RIGA - If the Saeima approves the provision making vaccination against Covid-19 mandatory for particular groups of people, opposition lawmakers will ask the president to suspend the promulgation of the bill and call a public vote on the matter, LETA learned.
Opposition MP Julija Stepanenko said that the legislative amendments proposed by the government would enable employers to sack unvaccinated persons and that politicians must consider steps to prevent these amendments from being adopted.
Stepanenko believes that the government coalition is unlikely to show common sense on the vaccine issue, because it has already broken earlier promises, for instance, by not postponing tax reform.
Stepanenko said that the opposition should use the mechanism provided in the Constitution to stop the draft legislation from being adopted.
According to Article 72 of the Latvian Constitution, the president has the right to suspend the promulgation of a law for a period of two months. The president is obliged to suspend the promulgation of a law if so requested by at least 34 members of the Saeima.
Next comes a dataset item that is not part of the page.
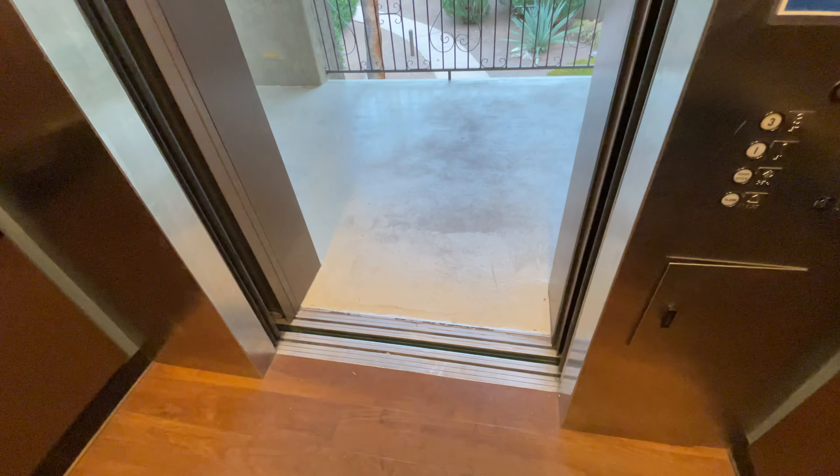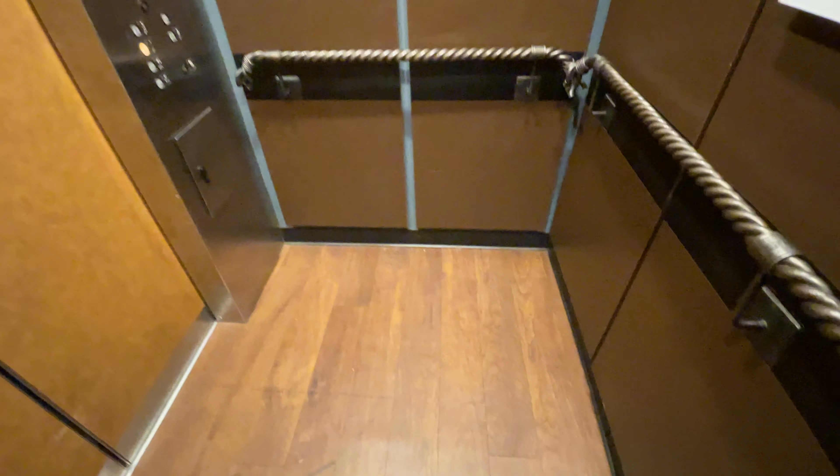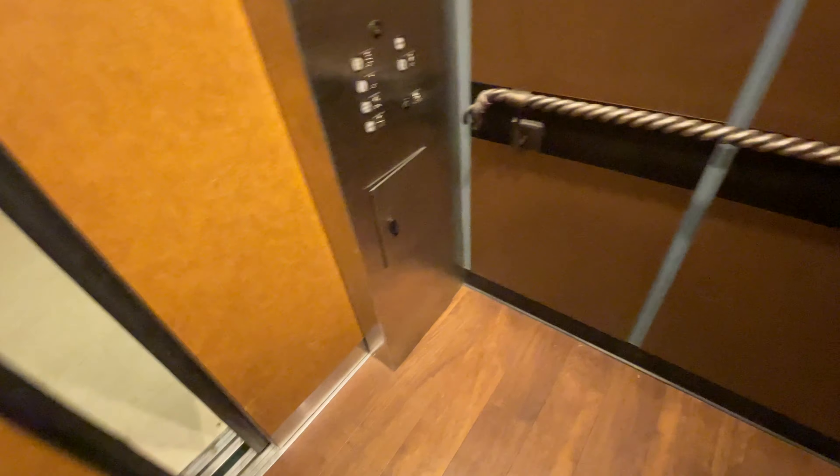Here are the doors with the bumpers out. The bumpers come out to detect if there's anyone in the way. In other words, this elevator doesn't have any beam sensors. Instead, there are door bumpers.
This right may be exercised by the president, or by at least 34 members of the Saeima, within ten days of the adoption of the law by the Saeima.
"The law thus suspended shall be put to a national referendum if so requested by not less than one-tenth of the electorate," the Constitution says.
Stepanenko said that as soon as the legislative amendments on mandatory vaccination for particular groups of people reach the parliament and are most likely urgently adopted, the opposition will have to act to make sure the bill is never signed into law.
Employers will be authorized to dismiss employees who will not have obtained their Covid-19 certificates by September 15, the Cabinet of Ministers decided Tuesday.
The government also agreed to make vaccination against Covid-19 mandatory for medics, social workers and teachers, among others.
The Justice Ministry in collaboration with the Ministries of Health, Welfare, Economics and Finance will draft the respective amendments to the Law on the Management of the Spread of Covid-19 Infection by July 14.
The new provisions will oblige employers to protect people in high-risk groups from being subjected to increased Covid-19 infection risks.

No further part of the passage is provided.